PERDER PARA ENCONTRAR

O tempo todo fico observando uma grande e constante dificuldade nas pessoas que encontro em “estar presente aqui e agora”.

Pior do que isso é ainda perceber essa dificuldade em mim mesma!

Talvez tenha sempre sido esse um dos mais difíceis obstáculos em minha vida e por ele tenha retardado minha conexão com meu próprio crescimento.

Tem um tempo, li um texto que trazia uma lenda árabe muito interessante e que dizia mais ou menos assim:

“Contam os árabes que Alah certo dia resolveu mudar todas as águas do mundo, e aquele que bebesse da nova água se esqueceria de sua porção divina, se esqueceria que era a manifestação de Deus, o próprio Deus.

Um único homem prestou atenção às palavras do profeta que revelou a intenção de Alah, e foi até a fonte e encheu muitos barris de água, que escondeu em uma caverna que só ele conhecia.

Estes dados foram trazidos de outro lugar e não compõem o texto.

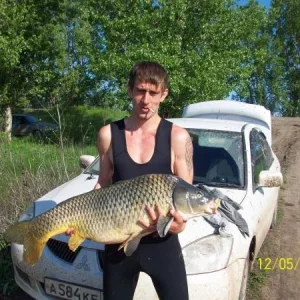 почти 15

Veio um imenso diluvio que inundou toda a terra e lavou a água que existia, todas as águas foram trocadas e, cada um que bebia da nova água imediatamente se esquecia que era parte de Deus, se esquecia que era uma criatura divina porque era filho da Divindade.

O homem que ouviu o profeta não bebeu da nova água, ia todos os dias a seu esconderijo e bebia da velha água, aquela que não fazia esquecer, e ele era o único que sabia a verdade, o único que não havia esquecido quem ele era na verdade.

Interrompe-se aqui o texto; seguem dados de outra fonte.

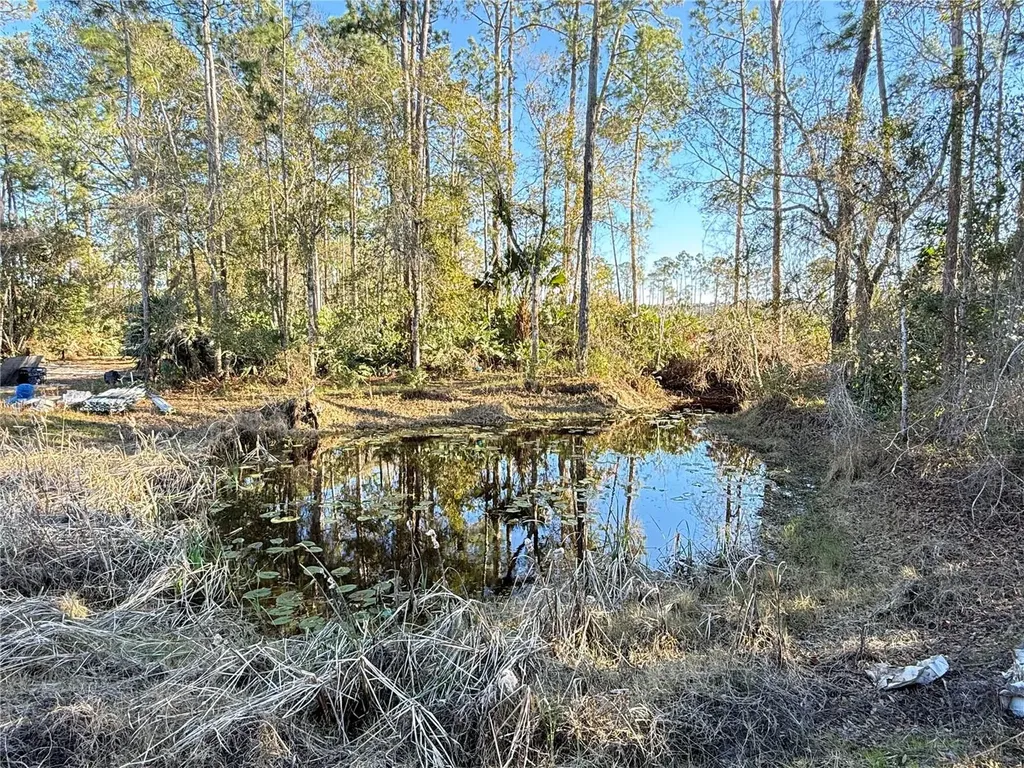 3739 Honeydew Lane New Smyrna Beach FL 32168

Depois de muito tempo, o homem que lembrava começou a se incomodar com a solidão, com o isolamento ao qual era submetido por todos os outros, que não o compreendiam, não sabiam o que ou quem ele era na verdade. A pressão da solidão foi muito grande, a vontade de se relacionar, de trocar com as pessoas começou a imperar e o homem acabou bebendo da nova água.

Imediatamente se esqueceu de quem ele era e se tornou igual a todos os outros e nesse dia houve uma grande festa para comemorar a milagrosa cura do louco, que retornou de sua loucura para o convívio dos homens de bem...”

Esta curiosa história parece dizer onde está o problema maior:

Beber da “água” que nos faz recordar quem somos realmente, pode significar um caminhar em direção ao isolamento e à solidão!

Seremos alvo de julgamentos, considerados loucos, desequilibrados por não seguirmos as referências ilusórias de todos aqueles que precisam criá-las e alimentá-las para sobreviverem!

Sei que relacionar-me com o agora, estar presente, significa deletar a personagem conveniente e despir-me dos meus disfarces, da minha necessidade de ser aceito segundo normas alheias e tornar-me livre!

Sei também que este processo pode ser e é doloroso, na medida em que me obriga a tirar as vestes, ficar nua de todas as ilusões que me acobertam e me dão conforto...

Por isso mesmo, percebo o quanto ainda sou incapaz de me sintonizar com o momento vivido, o momento real...

Como é difícil me relacionar como o “outro” sem me deixar inundar pelos meus próprios pensamentos e sentimentos!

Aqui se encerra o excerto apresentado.